The New York Times reports on the latest treasure unearthed by Wikileaks, a 2005 27-page document showing the U.S. military's Rules of Engagement in Iraq. Most worrying of all, the rules allowed for cross-border raids into Iran or Syria:

In a section on crossing international borders, the document said the permission of the American defense secretary was required before American forces could cross into or fly over Iranian or Syrian territory. Such actions, the document suggested, would probably also require the approval of President Bush.

But the document said that there were cases in which such approval was not required: when American forces were in hot pursuit of former members of Mr. Hussein’s government or terrorists....

It stated that the American commander engaged in the pursuit, however, should consult with top commanders in Baghdad, “time permitting.”

The Times notes that it's unknown whether this ever happened or whether the rules are any different now. Hold your breath.

But there are other interesting aspects to the document. Certainly the preoccupation with former members of Saddam Hussein's government, rather than foreign terrorists, was not reflected in the administration's rhetoric at the time.

And then there's this:

Apparently in a carryover from the intelligence failures of the Iraq invasion in early 2003, the document says the United States Central Command, which oversees operations in the Middle East, gave American commanders in Iraq the authority to attack mobile “W.M.D. labs”; such labs for making germ weapons were later determined not to exist.

As expected, the CIA announced the results of its probe of the CIA's inspector general John Helgerson, who has raised hackles in the agency for his investigations into counterterrorism policy and detainee interrogations. Among the fixes:

[CIA Director Michael] Hayden said Helgerson has appointed an ombudsman to represent the interests of CIA officers under IG investigation. He agreed to make a "greater effort" to include the views of those officers in his final reports, and to allow officers to review draft reports. He also agreed to help officers find attorneys with security clearances to represent them if they choose. Officers will be told when interviews are being recorded, and investigations will be conducted more swiftly.

Finally, Helgerson agreed to an internal watchdog of his own, a "quality-control manager" who will ensure that all exculpatory and mitigating information about the subjects of IG investigations is included in final reports.

Notes the AP, "The CIA has declined to specify why the IG review was undertaken. The results suggest CIA officers were concerned there was a presumption of guilt and they were not treated fairly by Helgerson's team of investigators."

We'll keep you updated as to whether the watchdog's watchdog will get a watchdog.

Continued fallout from the U.S. attorneys scandal.

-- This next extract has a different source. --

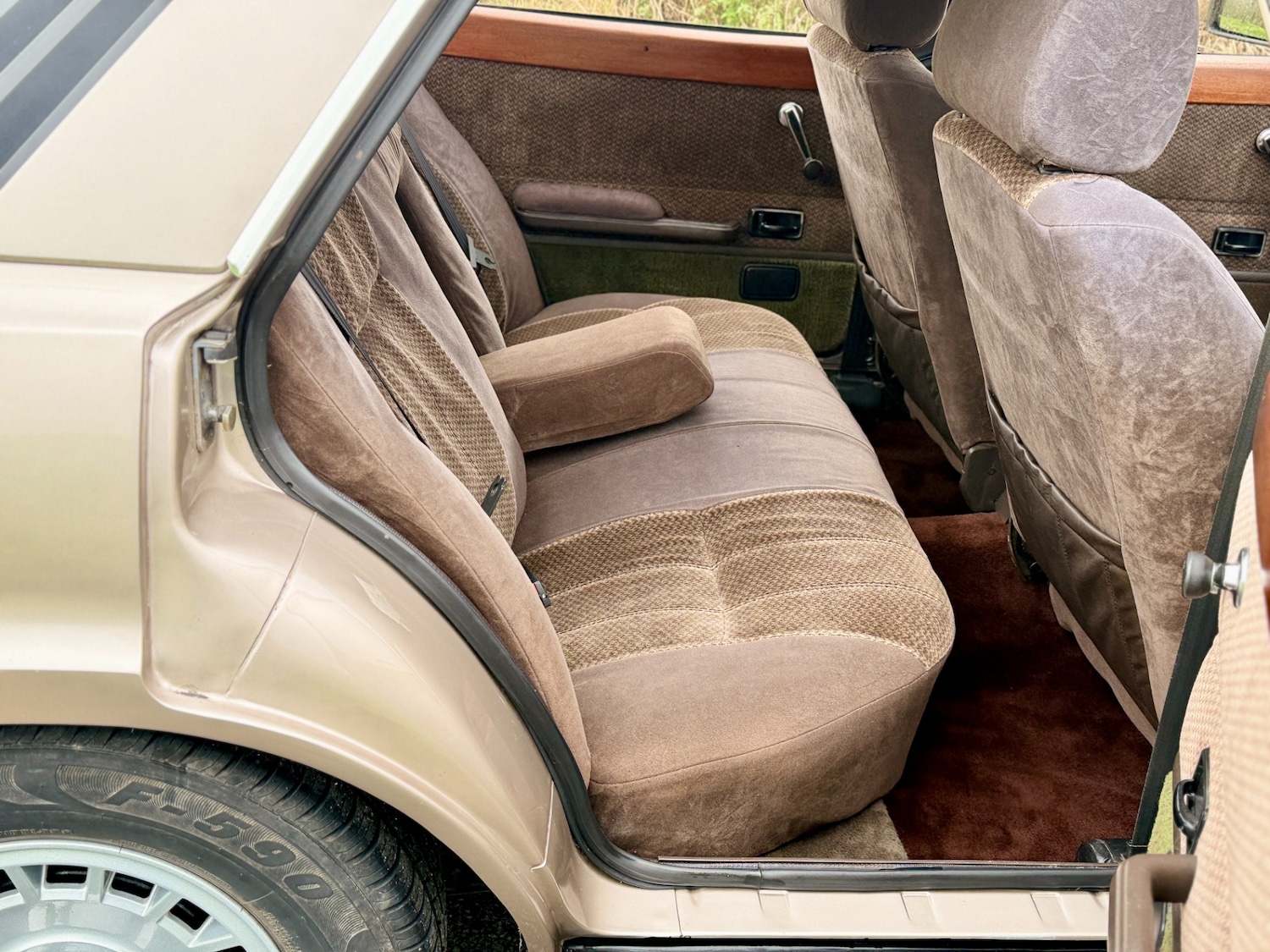 Used Ford Cortina 1982 for sale - 76713306: Photo 9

From The Milwaukee Journal-Sentinel:

The state Senate on Thursday unanimously approved the payment of legal fees for Georgia Thompson, a state employee whose conviction for mishandling a contract was overturned by a federal appeals court....

Senators voted 32-0 to pay $228,793 for Thompson's legal fees; the bill now goes to the Assembly, where it is expected to pass. There was no debate on the bill, but Sen. Judy Robson (D-Beloit) said it was the "least we can do" for Thompson, who served time in a federal prison before the appeals judges ordered her released.

Of course, the appeals court's decision to immediately overturn the case was remarkable in itself. But here you have a state legislature working to redress the wrongs of a federal prosecutor. Has this ever happened before? It strikes me as a rather unique situation.

And remember that efforts by Congress to investigate the Justice Department's handling of the case -- in addition to other possible cases of selective prosecution -- have been firmly rebuffed (with the exception of the disclosure of one telling email).